His poetic name is Jami, the word Jam means “wine goblet” in Farsi and “Nour o-Din” means “Light of Faith.” His genius made the literary men of his time uncomfortable because no man is great unless he appears humble.
When he was only a child, he learned the basic Persian and Arabic from his father. He went to a school at Herat (presently Afghanistan) and then to school in Samarghand (Samarkand). In Samarghand, he studied with Ghazi-zadeh Ruhm, one of the great researchers of the time.
Jami returned to Herat and studied mathematics and philosophy with Ala o-Din Ali Ghoshchi.
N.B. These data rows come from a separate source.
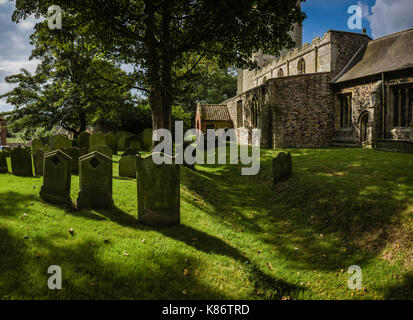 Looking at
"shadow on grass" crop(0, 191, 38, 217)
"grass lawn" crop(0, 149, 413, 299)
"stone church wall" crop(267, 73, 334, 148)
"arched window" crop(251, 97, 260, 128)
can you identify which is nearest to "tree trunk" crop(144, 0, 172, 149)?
"grass lawn" crop(0, 149, 413, 299)

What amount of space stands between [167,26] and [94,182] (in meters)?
8.04

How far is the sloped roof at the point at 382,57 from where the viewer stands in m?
15.9

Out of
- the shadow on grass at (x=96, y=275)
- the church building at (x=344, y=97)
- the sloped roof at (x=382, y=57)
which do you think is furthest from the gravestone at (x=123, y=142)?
the sloped roof at (x=382, y=57)

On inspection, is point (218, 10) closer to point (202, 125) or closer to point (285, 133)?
point (285, 133)

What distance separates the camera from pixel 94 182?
5.38 metres

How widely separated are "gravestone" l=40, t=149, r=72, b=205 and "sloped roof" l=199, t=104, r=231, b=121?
81.7ft

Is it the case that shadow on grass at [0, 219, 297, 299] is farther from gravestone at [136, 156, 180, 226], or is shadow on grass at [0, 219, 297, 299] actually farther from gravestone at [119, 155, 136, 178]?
gravestone at [119, 155, 136, 178]

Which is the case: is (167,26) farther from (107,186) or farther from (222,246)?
(222,246)

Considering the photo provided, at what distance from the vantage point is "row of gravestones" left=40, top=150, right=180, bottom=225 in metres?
4.98

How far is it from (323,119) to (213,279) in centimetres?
1822

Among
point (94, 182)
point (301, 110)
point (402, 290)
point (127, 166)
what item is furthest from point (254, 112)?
point (402, 290)

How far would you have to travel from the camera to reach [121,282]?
3135 millimetres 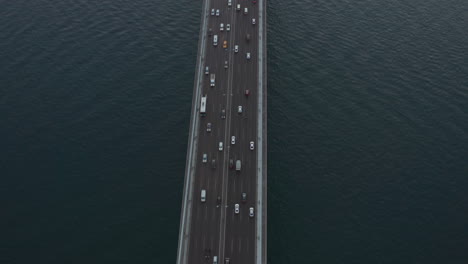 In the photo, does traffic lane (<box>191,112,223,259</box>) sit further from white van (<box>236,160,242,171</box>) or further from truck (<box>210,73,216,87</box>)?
truck (<box>210,73,216,87</box>)

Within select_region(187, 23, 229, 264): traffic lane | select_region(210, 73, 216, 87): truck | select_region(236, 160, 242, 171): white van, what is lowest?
select_region(187, 23, 229, 264): traffic lane

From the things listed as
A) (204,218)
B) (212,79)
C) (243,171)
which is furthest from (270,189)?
(212,79)

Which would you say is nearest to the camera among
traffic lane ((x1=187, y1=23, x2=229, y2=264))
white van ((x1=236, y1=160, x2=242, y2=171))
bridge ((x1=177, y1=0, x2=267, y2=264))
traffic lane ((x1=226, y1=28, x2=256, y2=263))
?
traffic lane ((x1=187, y1=23, x2=229, y2=264))

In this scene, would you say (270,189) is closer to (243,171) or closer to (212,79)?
(243,171)

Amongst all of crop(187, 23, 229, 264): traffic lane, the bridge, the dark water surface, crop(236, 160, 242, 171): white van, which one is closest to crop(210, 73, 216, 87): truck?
the bridge

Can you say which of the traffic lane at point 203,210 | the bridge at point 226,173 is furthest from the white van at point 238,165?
the traffic lane at point 203,210

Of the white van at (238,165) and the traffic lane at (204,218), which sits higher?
the white van at (238,165)

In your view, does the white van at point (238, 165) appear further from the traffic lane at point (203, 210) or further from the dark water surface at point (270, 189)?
the dark water surface at point (270, 189)

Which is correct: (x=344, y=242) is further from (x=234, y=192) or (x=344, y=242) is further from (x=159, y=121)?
(x=159, y=121)

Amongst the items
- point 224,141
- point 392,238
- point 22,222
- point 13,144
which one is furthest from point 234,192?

Hakim Jami later joined Khaja Saad o-Din (Saaduddin) Kashghari, the chief of Naghshbandis and became his disciple. It is said that when Khaja Saad o-Din gathered with other dervishes at the Jame Mosque of Herat every time Jami passed the mosque Saad o-Din said of Jami, “I am fascinated by him, this man is truly worthy. I don’t know with what trick and how to attract him to become a student.”
In 1472 CE (A.H. 877), Jami started his pilgrimage to Mecca as every Muslim who can afford to is expected once in his life to do. One of the praiseworthy characteristics of Jami is that he had conviction in what he said and wrote. Jami said, “There are many seekers but mostly seekers of personal improvement. There are very few real seekers after real truth.”
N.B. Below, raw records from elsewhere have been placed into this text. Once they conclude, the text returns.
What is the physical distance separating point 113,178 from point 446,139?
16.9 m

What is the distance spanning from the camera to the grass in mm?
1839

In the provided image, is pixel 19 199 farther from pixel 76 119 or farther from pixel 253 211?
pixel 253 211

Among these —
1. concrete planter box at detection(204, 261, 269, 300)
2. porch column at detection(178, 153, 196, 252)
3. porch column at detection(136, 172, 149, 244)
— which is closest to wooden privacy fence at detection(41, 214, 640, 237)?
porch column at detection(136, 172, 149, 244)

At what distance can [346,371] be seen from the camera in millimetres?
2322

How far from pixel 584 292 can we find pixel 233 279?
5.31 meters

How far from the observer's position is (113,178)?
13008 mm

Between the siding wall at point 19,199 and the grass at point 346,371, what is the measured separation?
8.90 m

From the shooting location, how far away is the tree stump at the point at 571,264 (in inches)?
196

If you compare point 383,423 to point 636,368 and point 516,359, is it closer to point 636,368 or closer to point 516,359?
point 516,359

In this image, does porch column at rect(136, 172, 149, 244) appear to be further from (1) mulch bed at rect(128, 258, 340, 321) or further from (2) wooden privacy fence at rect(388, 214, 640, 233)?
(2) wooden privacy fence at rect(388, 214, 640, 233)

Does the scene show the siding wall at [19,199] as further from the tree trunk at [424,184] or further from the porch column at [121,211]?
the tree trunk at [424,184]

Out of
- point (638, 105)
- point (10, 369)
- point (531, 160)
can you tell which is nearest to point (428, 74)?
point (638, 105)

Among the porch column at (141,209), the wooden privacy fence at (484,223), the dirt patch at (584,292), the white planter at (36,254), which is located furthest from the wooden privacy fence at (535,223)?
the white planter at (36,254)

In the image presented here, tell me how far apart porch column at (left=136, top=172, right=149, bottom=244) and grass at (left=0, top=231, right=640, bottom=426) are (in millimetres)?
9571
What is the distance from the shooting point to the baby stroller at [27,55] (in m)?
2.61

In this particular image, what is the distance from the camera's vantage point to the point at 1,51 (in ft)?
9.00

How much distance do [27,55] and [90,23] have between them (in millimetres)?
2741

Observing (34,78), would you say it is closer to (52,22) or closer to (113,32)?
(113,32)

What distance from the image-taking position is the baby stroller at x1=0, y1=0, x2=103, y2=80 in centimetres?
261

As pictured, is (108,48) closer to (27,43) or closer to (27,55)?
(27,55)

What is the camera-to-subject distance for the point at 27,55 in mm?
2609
Contemporary monarchs of his time made offers of large amounts of gold and other gifts for him to participate in their courts. These offers constantly annoyed Jami. He was also annoyed by people who wanted to make him a hero rather than do something about themselves. Jami said “Ordinary human love is capable of raising man to the experience of real love”.
Jami was well known for his playful sense of humor. Jami paid special attention to Saadi and Hafez in poetry and followed Nezami in his masnavi. When Jami was seventy, he wrote his masterpiece “Yousef and Zolaikha”. Different people attribute Jami to writing from 44 to 99 books of grammar, poetry, and theology. Some of his well known works include his prose works, “Nafahatol Ons” (Breaths of the Breeze of Friendship), “Baharestan” (Abode of Spring), and a collection of biographies of Sufi Saints. Baharestan is in the style of Saadi’s “Golestan” (Rose Garden) and he wrote it for his son Zia o-Din Yousef. His major poetic work includes “Haft Awrang” (Seven Thrones of Grace), which consisted of over twenty-five thousand couplets. Some of the well known writings of “Haft Awrang” are tale of “Salaman and Absal”, a version of the story of “Leyla and Majnoun”, “Khiradnameh Iskandar” (Alexander’s Wisdom), and poetic masterpiece of “Yousef and Zolaikha”.
He died in Herat on the 13th of Moharram in 1492 CE (A.H. 898).